Please feel free to email me with questions. We can make an appointment for you to come in, and we can talk at length about your project. Fred Burchsted, (burchst@fas.harvard.edu) Research Librarian and Liaison to the Department of History, Widener Library.
Getting What You Need
There is a guide to Finding Materials in Widener.
Finding a pertinent book on the shelf and then looking at its neighbors is an excellent way of finding more material, because the call number system is also a subject system: QH 30 means biographies of biologists and naturalists.

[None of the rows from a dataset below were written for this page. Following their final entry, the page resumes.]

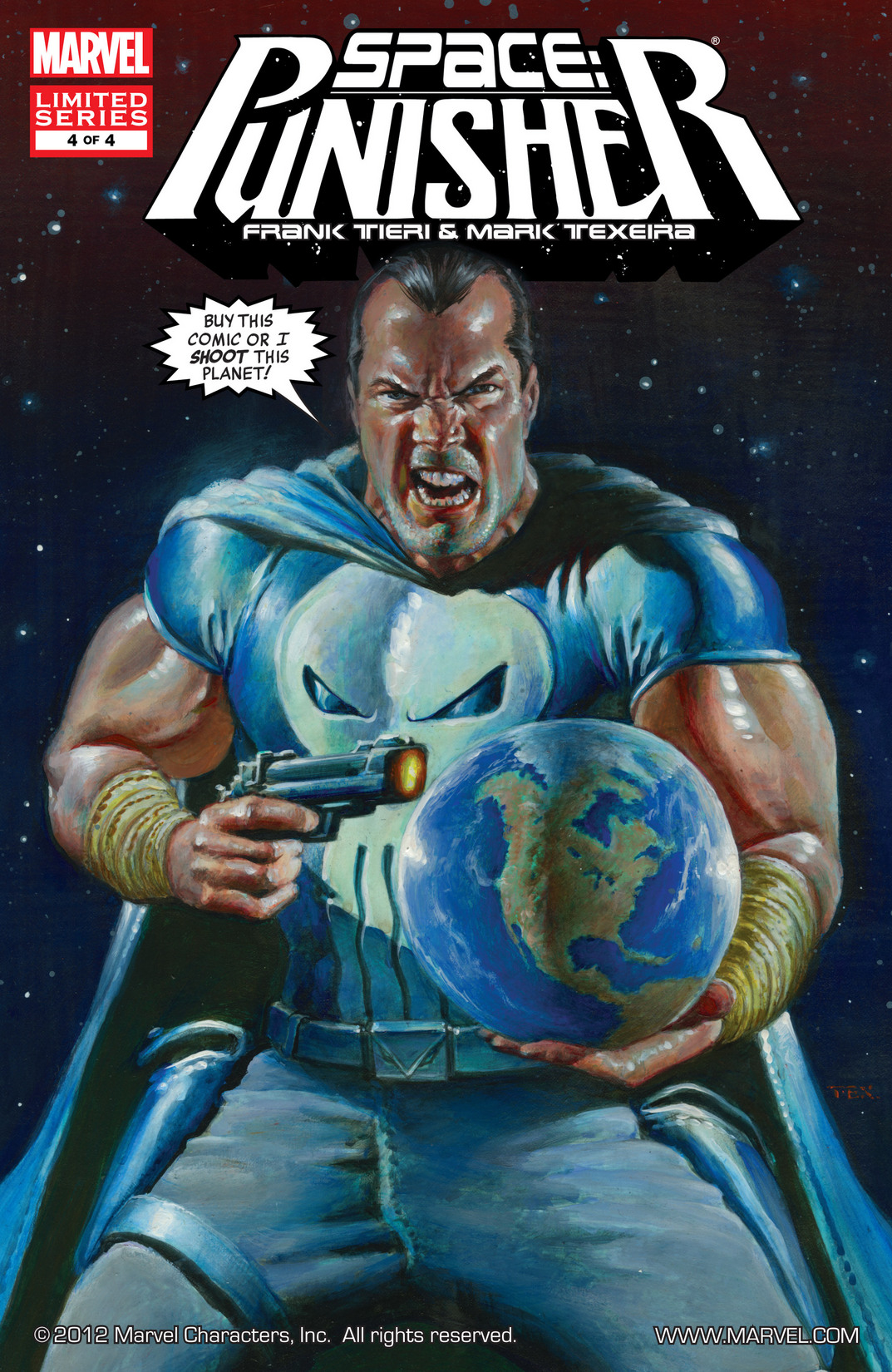 Read online Space: Punisher comic -  Issue #4 - 1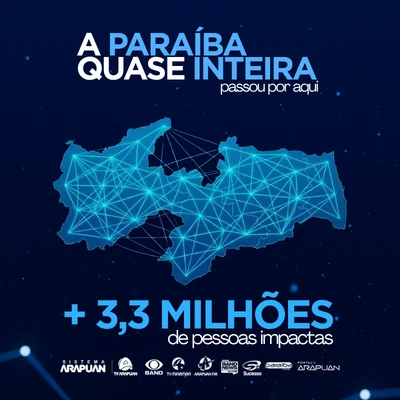 Debates do Sistema Arapuan alcançam impacto equivalente a 80% da população da Paraíba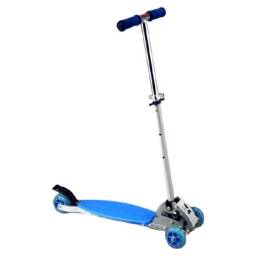 Monopatín Tripatín de 4 ruedas Scooter Azul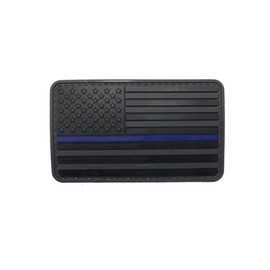 5ive Star Gear US Flag Morale Patch with Blue Stripe, Black/Blue, One Size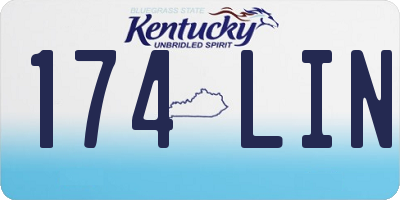 KY license plate 174LIN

If a book is checked out, you can probably get it within 1-4 days via Borrow Direct. This is quicker than recalling it from the person who has it. Borrow Direct is a service allowing expedited interlibrary loan (within four days) for books held by Harvard, Brown, Columbia, Cornell, Dartmouth, MIT, University of Pennsylvania, Princeton, and Yale. Books (not journals, dvds, etc.) are located and ordered through the Borrow Direct catalog. Books which Harvard owns but which are checked out or marked non-circulating (providing they are circulating at another library) are available via Borrow Direct.

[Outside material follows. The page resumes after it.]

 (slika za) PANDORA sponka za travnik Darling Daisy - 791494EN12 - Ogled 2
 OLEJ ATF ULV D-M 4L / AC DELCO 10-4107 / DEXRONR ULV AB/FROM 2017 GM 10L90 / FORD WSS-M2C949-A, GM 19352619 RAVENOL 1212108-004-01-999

Material not available at Harvard or Borrow Direct can be obtained via HCL Interlibrary Loan. Loans for books and media usually take a week/10 days; copies of periodical articles take just a few days.
The new Harvard Direct system allows you to request a book from one Harvard library to be delivered to another. Hit Request item on the HOLLIS record for a book that is not checked out. More on Harvard Direct.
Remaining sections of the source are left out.